The rest are not cash-flow generating. And that was in October 2009. I imagine the situation has deteriorated since.

So more than 60% of the assets are not matched with the liabilities.

How much will it cost to hedge 60% of €54bn given that the loans are not producing cash flow.

@ Brian Woods II

Yes, hedging of fixed/floating is at no cost (other than the very trivial admin costs). Hedging is perhaps the wrong term – suggesting insurance or the purchase of options which does cost money. In this case we are simply talking about a swap program to align the revenue interest profile with the liability profile. These are done at the market i.e. with no transfer of cash upfront between the parties.

That is precisely the point.

The revenue interest profile does not match the liability (expense) profile.

60% of the “revenue interest” on the assets (the loans acquired) will not produce a cash flow.

It cannot be swapped. There’s nothing to swap.

“wait until the ratings agencies get their heads around this”

I never said that. I have been consistent in my ridicule of the ratings agencies so please don’t confuse me with someone else. Regardless, the point remains, Moody has no credibility.

@ Ahura/Garo

isn’t Ahura basically verifying my point? When the ratings agencies have something negative to say, their opinions are selectively used (without suggesting that Garo personally is doing this), when they have something positive to say, sure its all baloney…and to say that they have “no credibility” would be a personal opinion of yours Garo, rather than a generally held belief of the market.

@ Eoin

One of the great paradoxes. The rating agencies long term track record is crap. Yet asset mangers will continue to use them.


Nama strategy backed by Moody’s ratings agency

“Speaking on Newstalk this morning economist Peter Bacon described Anglo as “a Celtic Chernobyl”. “You couldn’t get credit flowing again without this kind of measure. Banks can’t lend if they don’t have capital.” But he said Nama, and the massive State recapitalisation of the banks, would not mean that banks would immediately begin lending again.”

Methinks this is one side of well bought bacon!

“The State is expected to take a minority stake in AIB.” WOW from 70% only 48 hrs ago!

The SPINNERS are out in force ……….. nice work if one can get it – geddit!

@JL “One of the great paradoxes.
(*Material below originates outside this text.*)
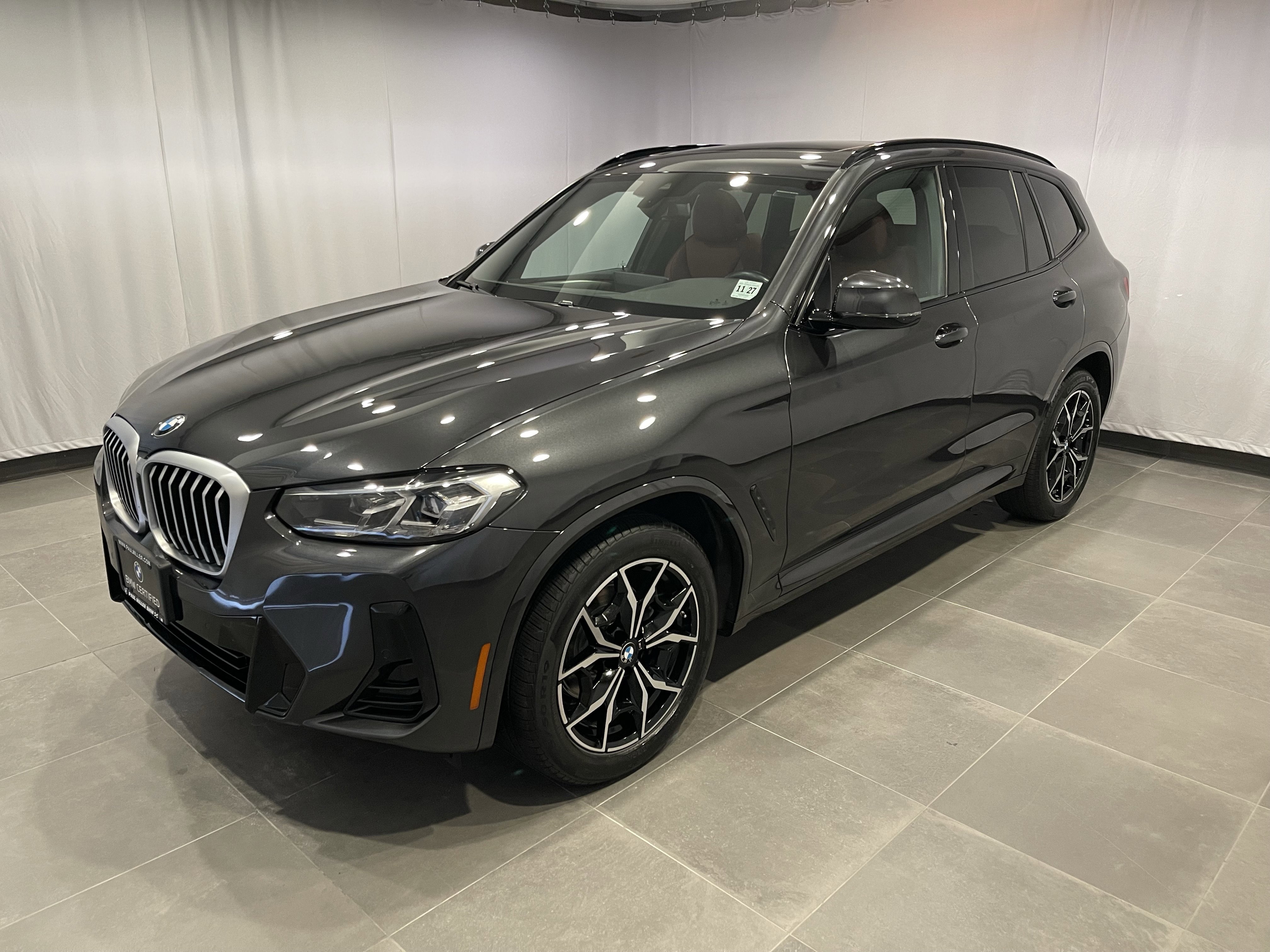 Certified 2023 BMW X3 xDrive30i w/ M Sport Package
The rating agencies long term track record is crap. Yet asset mangers will continue to use them.”

It’s human nature – if something goes wrong they can blame them and in the meantime they don’t have to do the work themselves. At the end of the day it’s not their own money so they don’t care. Despite their record ratings agencies are still in business as are the ‘thorough’ auditors who are presumably now advising NAMA along with their old clients.


Particularly disappointing interview with PWC Prof Eamonn Walshe of UCD on RTE 1 right now. Is Eamonn waffling for the Establishment line these days?

Kept discussion on Close_Down/Keep_Open when he could have discussed wind_down .. and didn’t … “no data, no information, particularly difficult to say – small amount of senior debt in Anglo-Irish etc “

@ Edgar
The brilliance of the rating agencies is to give an air of authority to the markets and then put a kill all disclaimer on the bottom in small print, essentially saying that anything say is worthless…..when the analyst goes to his/her boss and admits they have lost the bag on an institution, he can use the rating agency to legitamise his/her mistake and everyone must just move on….the same goes for auditors, one audit firm (i wont name em) as far as I know, had the honour of being auditor to both Anglo and Lehman, what an exalted client list!!! but what does it say about the standard of their skills. No one seems to mention their role in these problems that I can see. Surely, accountability must be spread across the entire system, yeh the banks have made massive, massive mistakes but their were so many others involved, rating agencies, government, regulators, accountants, lawyers, developers and there are more….the review needs to be across every part of the spectrum until we get it right…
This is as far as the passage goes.